» HOW TO COMPLETE THIS TASK: Spot each line in the data below containing "Used" and copy it.

» SOURCE INFORMATION:
BEGIN

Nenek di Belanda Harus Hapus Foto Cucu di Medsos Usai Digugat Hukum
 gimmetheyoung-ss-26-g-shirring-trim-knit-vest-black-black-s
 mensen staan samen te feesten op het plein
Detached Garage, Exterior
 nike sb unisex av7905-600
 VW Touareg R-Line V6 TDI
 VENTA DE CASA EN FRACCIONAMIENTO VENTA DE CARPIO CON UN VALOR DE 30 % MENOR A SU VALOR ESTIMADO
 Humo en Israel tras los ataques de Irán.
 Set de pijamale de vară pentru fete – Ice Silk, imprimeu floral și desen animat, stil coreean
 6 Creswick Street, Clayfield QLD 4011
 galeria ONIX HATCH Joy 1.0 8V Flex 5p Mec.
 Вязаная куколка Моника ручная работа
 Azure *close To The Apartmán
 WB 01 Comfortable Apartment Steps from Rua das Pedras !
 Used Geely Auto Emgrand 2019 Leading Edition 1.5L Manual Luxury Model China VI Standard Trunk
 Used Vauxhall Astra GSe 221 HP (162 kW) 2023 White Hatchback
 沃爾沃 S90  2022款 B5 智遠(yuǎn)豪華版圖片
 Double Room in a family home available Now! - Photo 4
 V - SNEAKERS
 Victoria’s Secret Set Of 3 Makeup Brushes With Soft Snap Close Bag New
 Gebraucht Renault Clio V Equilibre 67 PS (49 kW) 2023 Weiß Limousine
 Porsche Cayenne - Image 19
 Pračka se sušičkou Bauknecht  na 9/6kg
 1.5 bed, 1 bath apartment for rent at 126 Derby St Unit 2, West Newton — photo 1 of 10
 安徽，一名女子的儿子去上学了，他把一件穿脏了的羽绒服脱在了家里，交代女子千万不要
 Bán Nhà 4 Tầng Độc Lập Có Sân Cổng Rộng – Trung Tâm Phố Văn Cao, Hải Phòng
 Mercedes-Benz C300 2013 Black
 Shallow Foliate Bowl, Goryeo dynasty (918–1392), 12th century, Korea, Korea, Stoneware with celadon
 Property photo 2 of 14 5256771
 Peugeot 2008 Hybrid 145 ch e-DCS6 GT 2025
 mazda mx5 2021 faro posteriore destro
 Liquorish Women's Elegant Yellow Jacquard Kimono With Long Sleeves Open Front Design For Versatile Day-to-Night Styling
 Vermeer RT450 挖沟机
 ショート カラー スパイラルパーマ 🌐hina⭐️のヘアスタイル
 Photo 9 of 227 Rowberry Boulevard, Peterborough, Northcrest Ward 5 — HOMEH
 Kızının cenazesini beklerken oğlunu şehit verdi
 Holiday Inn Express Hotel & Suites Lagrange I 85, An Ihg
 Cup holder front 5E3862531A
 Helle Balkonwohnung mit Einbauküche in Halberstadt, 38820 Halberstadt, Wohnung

END

» EXERCISE OUTPUT:
 Used Geely Auto Emgrand 2019 Leading Edition 1.5L Manual Luxury Model China VI Standard Trunk
 Used Vauxhall Astra GSe 221 HP (162 kW) 2023 White Hatchback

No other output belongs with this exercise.